Some technologies take forever to make their mark on our life style. For years, we laughed at the notion of ‘paperless office’, clutching the stapler while the mouse hovers over the ‘print’ command. After twenty years, my stapler is finally pensioned off. Not so with BYOD (Bring Your Own Device) – employees using personal devices for work. If it was there before, it was creeping in silently, secretly and sporadically. Suddenly you realise that all round you employees are using their personal smartphones and iPads for work, in all walks of life. Suddenly, they do not just get corporate email on smartphone, but connect via mobile broadband to corporate applications, such as job scheduling, workflow or inventory management.

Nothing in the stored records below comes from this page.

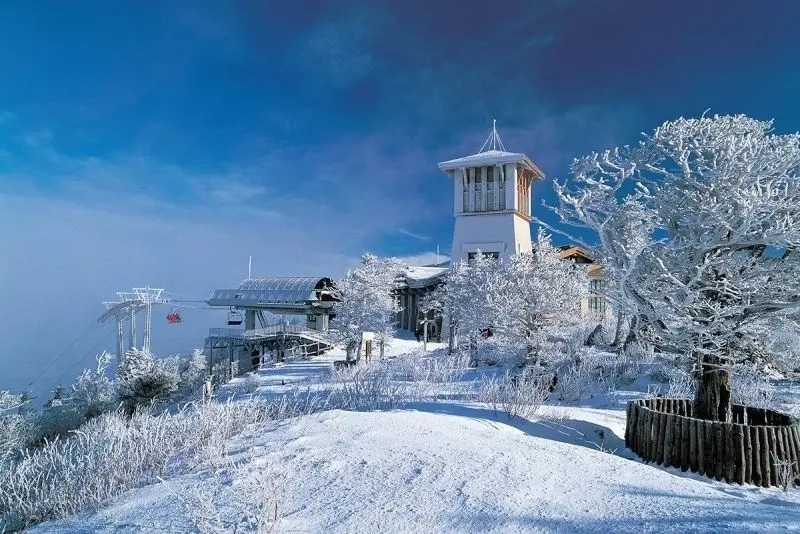 Chút buồn man mác trong những tấm ảnh phong cảnh anime mùa đông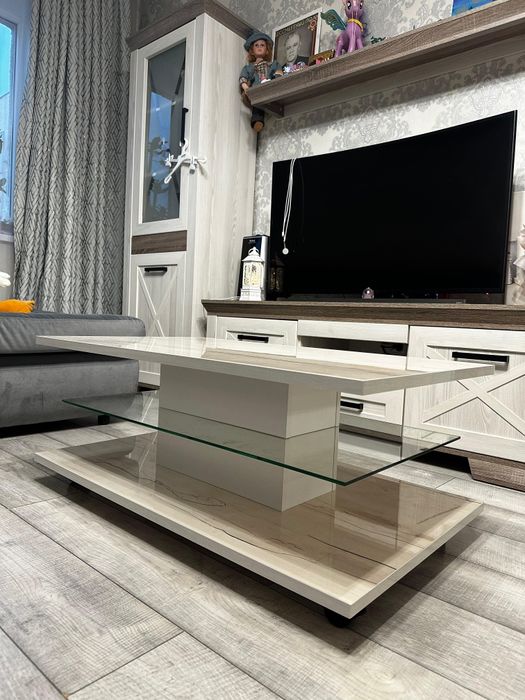 Журнальный столик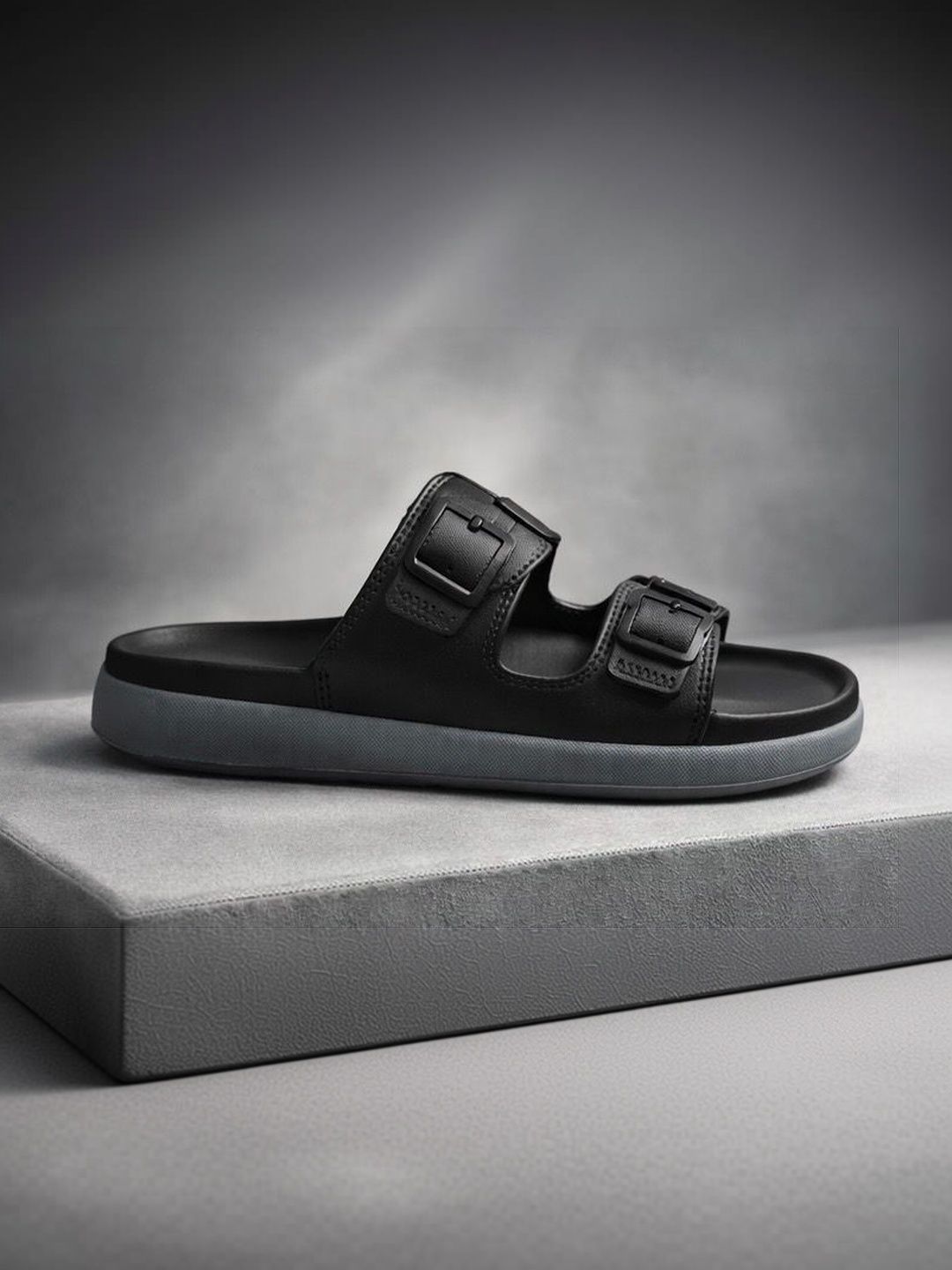 VOOLIO Men Slip-On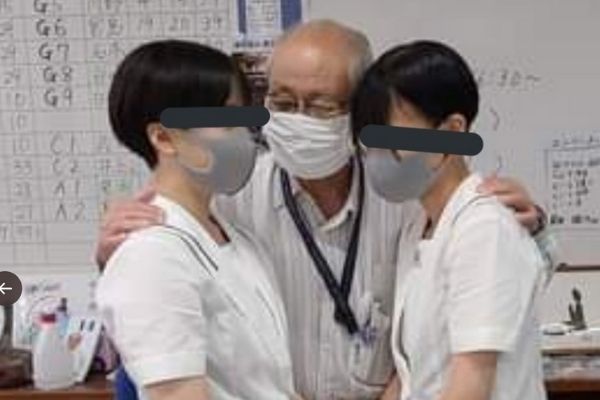 秀岳館校長と女子生徒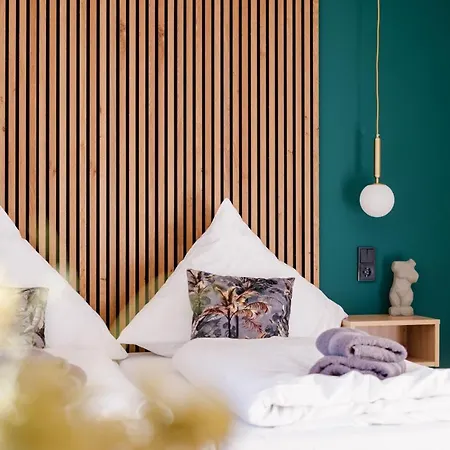 Bed & Breakfast Alex & Rine - Zum Alten Strom 4*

IT departments first treated this as a joke. Then it became a threat – no way can a personal device access the inner sanctity of enterprise services – it would compromise the carefully isolated, protected and cherished corporate information. No one was ready for what has happened – and is still happening – employees are simply bypassing IT rules. The combination of smartphones with the public cloud is so enticing – just use your personal credit card and claim it on expenses. In response, seemingly overnight, IT department attitudes changed from totally banning BYOD to enthusiastically adopting it as the obvious, inevitable and desirable next step. Now companies are busy reshaping budgets, re-skilling staff and reorganising resources in order to match the brave new world that is engulfing the corporate ICT environment.

BYOD is not just an accepted technology change – it is a compelling and unstoppable evolution. The freedom to choose your own device is appealing to all ranks, including the most senior levels – no wonder approvals are obtained so fast! In fact, to gain choice of terminals and ubiquitous access to facilities, employees are even ‘happy’ to pay for the equipment themselves, saving a fortune for their companies. BYOD enterprises image is enhanced with this forward-looking, employee-friendly strategy. What’s more, employees can now access work tools 24×7 and seem to be willing to work all hours – raising productivity without extra pay. That cannot be bad for business. Better employer image, higher productivity, lower IT costs – what’s not to like?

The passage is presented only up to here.